Many do, for long term archival at least, but tape still has only 30 years lifespan and has other limitations. As an example, the media wears relatively quickly when in use, so if there’s a need to access the data even relatively often optical media would make sense. That’s often not an issue in archival though.
The article is very light in detail but from what I’ve gathered they may only be in the proof of concept stage and looking for outside investments. This tech is years off which is basically a deathknell for anything targeting a today problem with a tomorrow solution. In data at least.
Longevity, Speed, Density… pick 2. This assumes rewritable media, of course… because we need feature parity. The current project appears to have at best 1 of the big 3.
Non magnetic media makes a lot of sense- but if we’re dealing in lasers we are limited by the spectrum of light. Sure you can probably focus a beam to burn into a layer 2, 15, 70 layers beneath another (and that’s impressive) … but explain how you plan to read that through the other layers. Explain how you will do it /quickly/. Explain how you won’t compromise the other layers receiving diffused light. I may end up being wrong but my gut tells me this is a research team just looking for venture capital.
This assumes rewritable media, of course… because we need feature parity.
I’d be fine without, if you can just append records to overwrite or delete previous files. For backup or long term storage RW doesn’t matter that much. Or at least, I’d much rather have a cheaper non rewritable disc with a capacity like this.
Optical discs are not really meant for longterm storage on their own. Disc rot is a real thing.
Edit: I should have gone into a bit more detail. Yes, optical storage discs CAN be okay for longer term storage. But it depends on quite a few factors. The material itself has to be long lasting, the manufacturer has to have good quality control, and the end client should store it in a controlled environment. It’s it better or worse than alternatives. No idea without the actual data. It certainly has better density.

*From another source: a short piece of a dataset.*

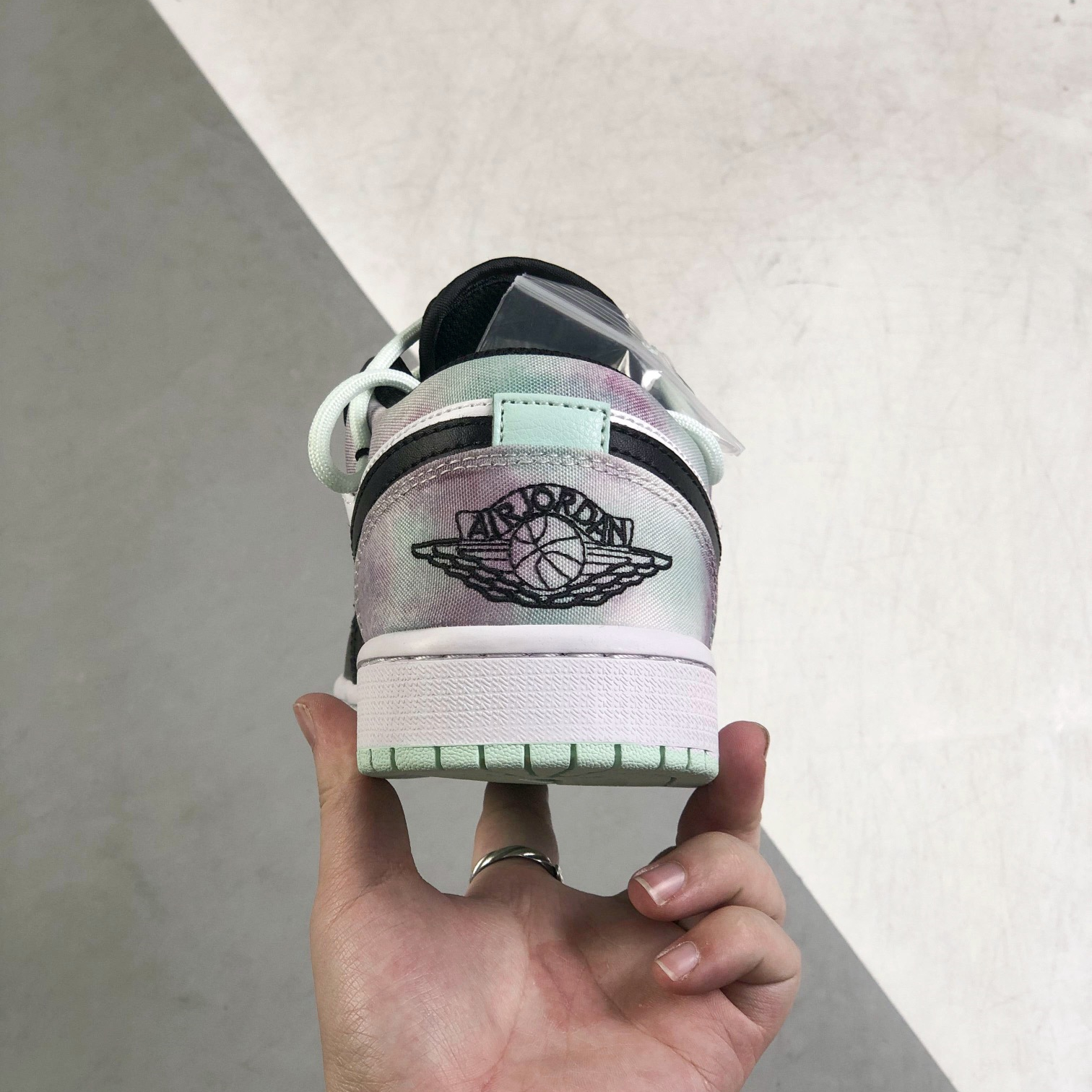 Nike Air Jordan 1 x OFF White Low Top Sneakers Shoes Gr. 36-46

Another associated benefit would be the minimisation of data migration. The discs are said to be highly stable, with an expected lifespan of 50 to 100 years. That’s a huge leap over current data centre HDD based storage systems, which generally move data over to new devices every five to 10 years to avoid data-loss from ageing drives.
This is also meant to compete with LTO tapes. To my knowledge, the current best is LTO9 with a max uncompressed storage of 18TB per tape.
100-200 TB on a disc would be huge as they could replace 5-11 tapes with one disc and have better random seek times.
Hopefully this does not end up like HVD which was promising but ended up dying due to the initial cost:
Wasn’t that something to do with the manufacturing process which has been more recently fixed?
recently fixed
No, not really. Generally as a product ages the quality control goes down since demand isn’t there. You can make archival grade CDs that will last a life time, it just costs too much money for anyone to want to pay for it. Plus business have tape which is plenty good for long term storage.
I wonder if in the context of storing 200 TB whether the added cost now makes sense given what a comparable SSD or HDD equivalent would run.
Not sure of that, but there are discs which are made for archival purposes:
https://en.wikipedia.org/wiki/M-DISC#Durability_claims
In 2022, the NIST Interagency Report NIST IR 8387[22](Page 12), stated that M-Disc is an acceptable archival format rated for up to 100 years+.
The best medium for long term data retention is etching words in granite.
Depends on what material they switch to. They could be using some new polymer or something, hence the longer lifespan.
That was my question about this. It can store a lot of data, great! But will the media last 10 years or more? For real long term storage it needs to last decades.
From the article:
Another associated benefit would be the minimisation of data migration. The discs are said to be highly stable, with an expected lifespan of 50 to 100 years. That’s a huge leap over current data centre HDD based storage systems, which generally move data over to new devices every five to 10 years to avoid data-loss from ageing drives.
*Some optical discs. Others not so much, it’s not an inevitability… M-DISC, introduced in 2009, has a rating with proper storage of one THOUSAND years. They are even readable and writable by most regular DVD/Blueray drives!
https://en.wikipedia.org/wiki/M-DISC
I absolutely cannot wait for these new discs to be available!
Getting Zip Drive vibes from this.
No Gina, I’m not happy to see you. I just have a very big disc in my pocket.